Early detection and precise diagnosis of dementia, together with appropriate specialized assistance, can help people with young-onset dementia and their families feel less distressed.
It is a good idea to schedule an appointment with a doctor if you have any doubts. Seeing a doctor early on can help to alleviate anxiety and provide answers.

How to Prevent/Treat Dementia?

There is no proper cure for dementia so far. There are, however, remedies and support services available to those suffering from the illness. Drug and non-drug treatments, as well as support, activities, information, and advice, are all easily and readily available for the patients.

There are also non-drug treatments that can be used. Counselling may assist some younger people with dementia with their diagnosis. These sessions can help in coping up with the behavioural changes that a person may face during young-onset dementia. Healthcare practitioners have been successful in assisting patients in maintaining cognitive health, controlling behaviour, and slowing down the progression of the disease. Other things include staying physically active, eating a well-balanced diet, abstaining from smoking, and drinking alcohol in moderation.

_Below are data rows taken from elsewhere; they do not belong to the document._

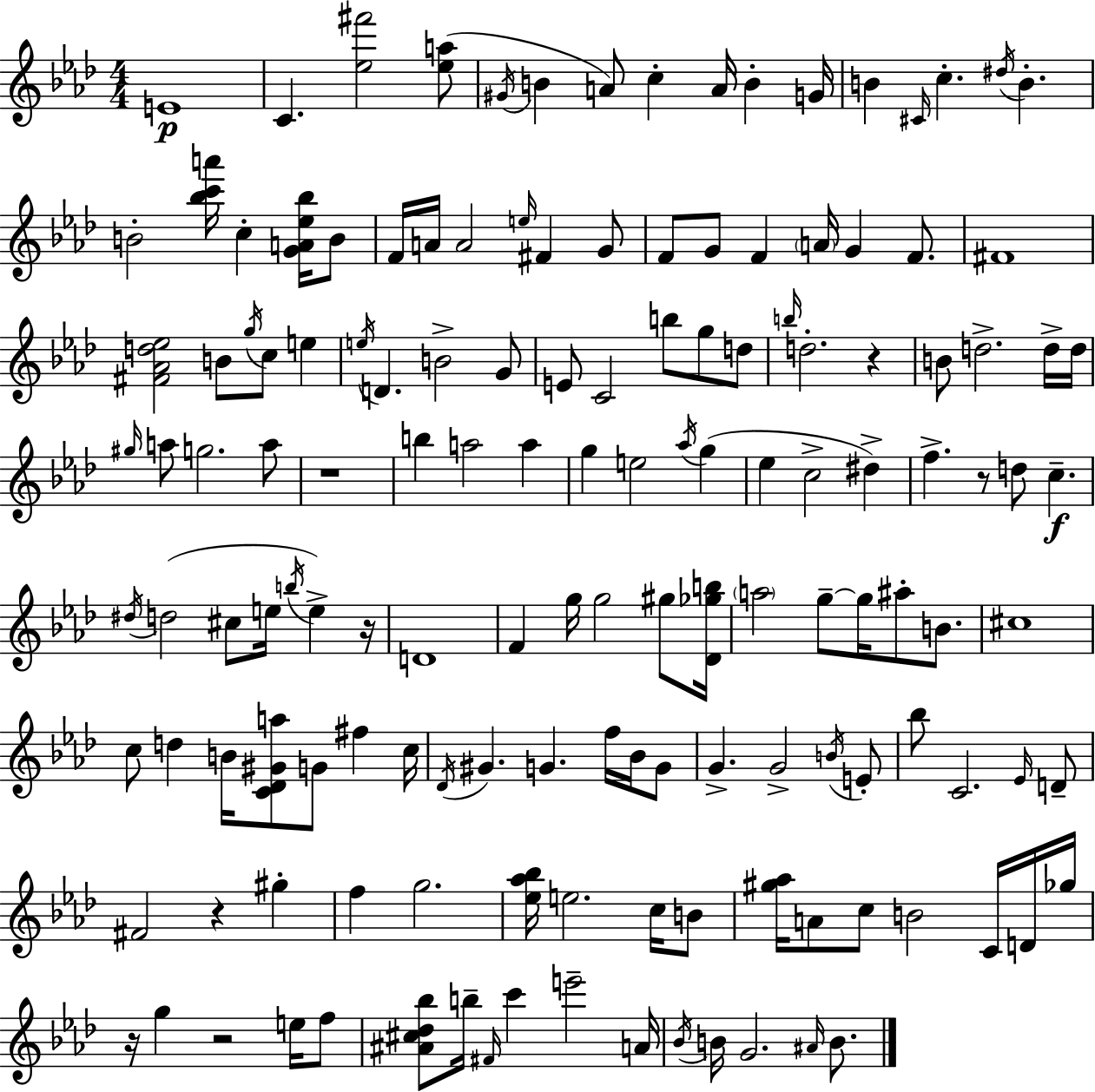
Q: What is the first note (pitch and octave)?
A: E4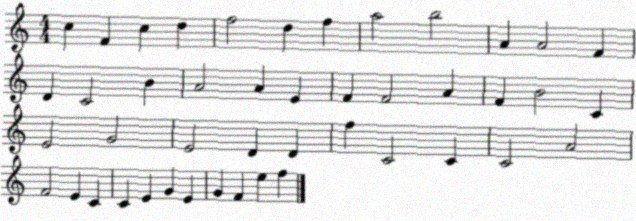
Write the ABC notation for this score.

X:1
T:Untitled
M:4/4
L:1/4
K:C
c F c d f2 d f a2 b2 A A2 F D C2 B A2 A E F F2 A F B2 C E2 G2 E2 D D f C2 C C2 A2 F2 E C C E G E G F e f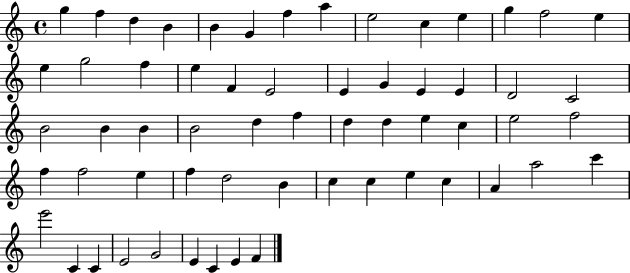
X:1
T:Untitled
M:4/4
L:1/4
K:C
g f d B B G f a e2 c e g f2 e e g2 f e F E2 E G E E D2 C2 B2 B B B2 d f d d e c e2 f2 f f2 e f d2 B c c e c A a2 c' e'2 C C E2 G2 E C E F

The key element in the treatment of young-onset dementia is support. Connecting with support groups can help you find information, acquire a better knowledge of your disease, and learn how to adapt. Always remember that you’re not alone. Support options may differ depending on where you live, but you can always find it whenever you need it. In the early stages make sure that you and your family learn and adapt to the situation and find needful ways to cope with it. With good resources and support the disease is not that big a threat.